**Task:**
Starting at the first line of the entries below, output every line exactly, up to and including the line with "Justin Boots Tan".

**The records:**
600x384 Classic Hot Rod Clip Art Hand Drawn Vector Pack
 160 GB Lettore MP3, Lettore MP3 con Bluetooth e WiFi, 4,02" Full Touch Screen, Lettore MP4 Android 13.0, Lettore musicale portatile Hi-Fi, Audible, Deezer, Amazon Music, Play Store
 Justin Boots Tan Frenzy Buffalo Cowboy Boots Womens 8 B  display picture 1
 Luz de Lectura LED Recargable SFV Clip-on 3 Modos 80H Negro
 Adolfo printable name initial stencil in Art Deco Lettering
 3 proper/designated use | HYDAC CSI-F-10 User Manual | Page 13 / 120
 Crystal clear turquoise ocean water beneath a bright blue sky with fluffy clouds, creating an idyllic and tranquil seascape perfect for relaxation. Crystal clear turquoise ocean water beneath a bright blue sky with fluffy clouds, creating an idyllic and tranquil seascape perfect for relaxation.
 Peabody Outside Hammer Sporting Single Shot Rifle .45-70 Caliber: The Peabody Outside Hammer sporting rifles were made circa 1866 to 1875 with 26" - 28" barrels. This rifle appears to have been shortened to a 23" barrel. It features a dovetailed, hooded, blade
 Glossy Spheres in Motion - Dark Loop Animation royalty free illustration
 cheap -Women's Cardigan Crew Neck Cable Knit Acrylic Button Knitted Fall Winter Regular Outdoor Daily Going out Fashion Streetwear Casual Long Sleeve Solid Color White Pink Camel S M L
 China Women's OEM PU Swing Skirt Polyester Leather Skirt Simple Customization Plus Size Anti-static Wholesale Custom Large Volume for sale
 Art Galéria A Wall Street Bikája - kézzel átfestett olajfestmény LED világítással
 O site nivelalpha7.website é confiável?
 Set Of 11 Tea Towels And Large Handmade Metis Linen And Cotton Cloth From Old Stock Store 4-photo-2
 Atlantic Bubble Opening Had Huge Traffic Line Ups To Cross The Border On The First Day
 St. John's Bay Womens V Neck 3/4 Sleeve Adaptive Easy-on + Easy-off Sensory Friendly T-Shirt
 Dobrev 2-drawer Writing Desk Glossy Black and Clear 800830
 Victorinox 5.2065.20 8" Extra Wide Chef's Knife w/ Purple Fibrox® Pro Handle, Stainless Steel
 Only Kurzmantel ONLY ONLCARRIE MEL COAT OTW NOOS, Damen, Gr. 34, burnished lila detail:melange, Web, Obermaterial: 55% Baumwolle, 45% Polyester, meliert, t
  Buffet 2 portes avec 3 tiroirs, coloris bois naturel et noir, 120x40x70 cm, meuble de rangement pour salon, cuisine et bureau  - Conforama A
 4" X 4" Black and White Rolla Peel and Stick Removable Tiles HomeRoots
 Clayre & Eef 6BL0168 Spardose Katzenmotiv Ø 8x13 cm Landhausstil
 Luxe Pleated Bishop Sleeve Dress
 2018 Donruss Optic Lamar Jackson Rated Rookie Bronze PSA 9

**Answer for the task:**
600x384 Classic Hot Rod Clip Art Hand Drawn Vector Pack
 160 GB Lettore MP3, Lettore MP3 con Bluetooth e WiFi, 4,02" Full Touch Screen, Lettore MP4 Android 13.0, Lettore musicale portatile Hi-Fi, Audible, Deezer, Amazon Music, Play Store
 Justin Boots Tan Frenzy Buffalo Cowboy Boots Womens 8 B  display picture 1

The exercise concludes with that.